La condamnation de 1976 fut douloureuse pour ces catholiques qui étaient encore très romains, voire de tradition ultramontaine. Puis Jean-Paul II est venu et après un moment d'optimisme (visite canonique du cardinal Gagnon) où l'on a cru que la situation allait se rétablir et que l'on obtiendrait la possibilité de faire cette "expérience", on a dû déchanter. La situation de l'Église ne s'améliorait que marginalement, et une série d'actes problématiques tel que celui d'Assise furent à l'origine des consécrations de 1988 et des excommunications.

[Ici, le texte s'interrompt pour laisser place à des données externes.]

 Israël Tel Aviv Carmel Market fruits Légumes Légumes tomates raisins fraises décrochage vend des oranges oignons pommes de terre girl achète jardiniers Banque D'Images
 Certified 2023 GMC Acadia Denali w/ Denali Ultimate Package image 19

Plus encore que les actes et enseignements problématiques de Jean-Paul II, ce qui a entraîné l'évolution du monde traditionaliste fut l'apparition d'une nouvelle génération. Des néo-tradis qui n'avaient aucune expérience de la romanité, qui ne savaient qu'abstraitement que l'Église était fondée sur un ordre canonique objectif.

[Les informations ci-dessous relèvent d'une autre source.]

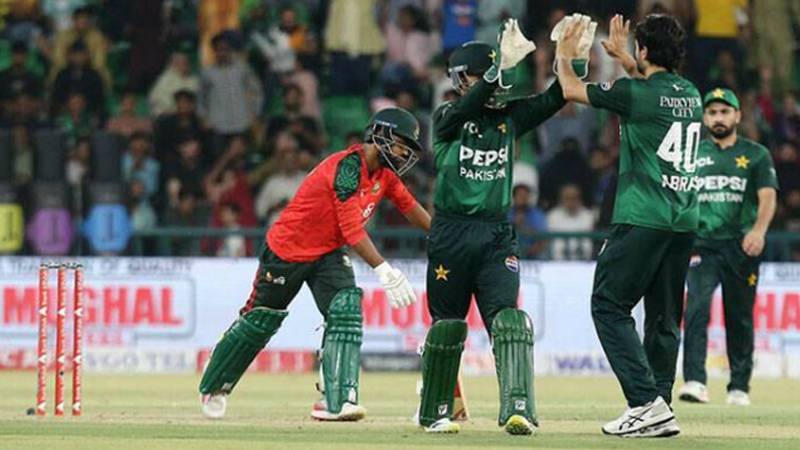 پاکستان اور بنگلہ دیش کے درمیان آخری ٹی ٹوئنٹی آج ڈھاکہ میں فیصلہ کن معرکہ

Ces néo-tradis ont grandi dans une Tradition assiégée. Ils ont vécu en vase clos, ont fréquenté les "écoles de la Tradition", les mouvements de jeunes de la Tradition, etc. Insensiblement ils se sont habitués à se passer de Rome et à vivre dans une paisible et réconfortante autarcie. La Tradition est devenue un microcosme où l'on grandissait ensemble, se mariait ensemble et partageait les même codes vestimentaires et sociologiques. Rome était considérée comme l'ennemi et la marginalité canonique comme un bien qui nous permettait de "vivre notre vie". C'est là le côté paradoxalement très "moderne" de la Tradition : l'individualisme et la revendication autonomiste, le refus de la dépendance.
Les Tradis avaient tout : des séminaires, des couvents et monastères, des écoles et universités, des mouvements de jeunesse, des maisons de retraite et des évêques pour pérenniser l'ensemble.
Dans ce cas, pourquoi s'embarrasser d'une reconnaissance canonique qui ne pouvait que troubler la quiétude de notre train-train ecclésial ?
Et pour justifier ce résistancialisme, on a avancé que seulement après la "conversion" de Rome (mais y croyait-on vraiment ?) on réintégrerait le cadre de la légalité canonique.
La "conversion" de Rome, cela signifiait : l'imposition du VOM et le banissement du NOM, l'anathématisation du Concile Vatican II, de nombreuses "décanonisations", le retour à l'ancien code de droit canonique, etc. Exigerait-on l'exhumation de Paul VI, Jean-Paul Ier et Jean-Paul II pour jeter leurs cadavres dans le Tibre ? Cela n'était pas clairement précisé...
Le mouvement traditionaliste était sur le point de tomber dans un piège mortel : l'autocéphalie. Mais la Providence veillait. Elle connaissait la ferveur de ces fidèles et la souffrance déstabilisatrice qu'avaient endurée leurs pères de la part d'un monde et d'une Église qui leur étaient hostiles depuis les années 60. Mgr Fellay a fini par percevoir le danger qui menaçait sa Fraternité et la personnalité atypique du nouveau pontife (vaste sujet) a fait le reste.
Voilà rapidement esquissé comment je vois les choses.